The cyberthreats confronting ICS are vast anddistinct. One way to cut through the risk: Prioritize resources and efforts in line with the most likely points of attack or failure.

“I’m not saying vulnerabilities don’t matter. I’m just saying we put it as the No. 1 thing when it’s probably not in the top four in terms of what we need to do,” Lee said.

“There’s so much pressure on asset owners and operators to always be patching, and I have responded to more IT people taking down plants through patching than Russia, China and Iran combined,” Lee said. “I just want us to be careful of the risk.”

When the ICS and OT security software vendor’s threat intelligence team looks at vulnerabilities, it ascertains their potential impact to industrial organizations based on two queries:

  • Has it been used in an attack?
  • Could the vulnerability be used in an attack that might cause serious damage?

Any vulnerability that meets one of those factors gets placed in the “you should take care of this now category,” Lee said. “And only 4% rise to the level of, you should do it now.”

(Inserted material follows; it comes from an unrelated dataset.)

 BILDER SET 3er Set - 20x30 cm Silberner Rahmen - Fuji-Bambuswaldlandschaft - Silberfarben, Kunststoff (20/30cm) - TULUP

The remaining vulnerabilities are almost evenly split between those that might be used for an attack but have negligible impact and those that bear no relevance to ICS or industrial OT, according to Lee.

Vulnerabilities have a correlation to legacy equipment and software, another common target for misplaced priorities in industrial OT.

“There’s this idea that if we didn’t have legacy equipment that we wouldn’t have the risk, and that’s not how the industrial attacks actually happen,” Lee said. “It’s not a let’s rip and replace as if everything could be magically better.”